- **Directions for this task**:
Using the listing below, print exactly everything from the line with "医美胶原蛋白近期消息,医美胶原蛋白再生" down to the line with "Proposed Test and", both included, and nothing more.

- **Records shown**:
= = =
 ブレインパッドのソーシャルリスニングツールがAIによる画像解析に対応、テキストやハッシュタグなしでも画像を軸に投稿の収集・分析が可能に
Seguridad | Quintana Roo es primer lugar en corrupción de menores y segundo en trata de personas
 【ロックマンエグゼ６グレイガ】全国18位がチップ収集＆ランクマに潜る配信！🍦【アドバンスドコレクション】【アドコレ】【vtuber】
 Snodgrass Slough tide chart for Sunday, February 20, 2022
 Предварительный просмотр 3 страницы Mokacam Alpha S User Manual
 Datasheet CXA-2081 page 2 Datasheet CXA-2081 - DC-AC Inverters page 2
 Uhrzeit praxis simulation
= = =
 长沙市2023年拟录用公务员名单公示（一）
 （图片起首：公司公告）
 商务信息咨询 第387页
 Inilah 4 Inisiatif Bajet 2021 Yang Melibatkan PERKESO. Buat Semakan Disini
= = =
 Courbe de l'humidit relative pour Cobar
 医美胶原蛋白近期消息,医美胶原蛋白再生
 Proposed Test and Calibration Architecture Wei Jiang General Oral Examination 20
= = =
- **Response to the exercise**:
 医美胶原蛋白近期消息,医美胶原蛋白再生
 Proposed Test and Calibration Architecture Wei Jiang General Oral Examination 20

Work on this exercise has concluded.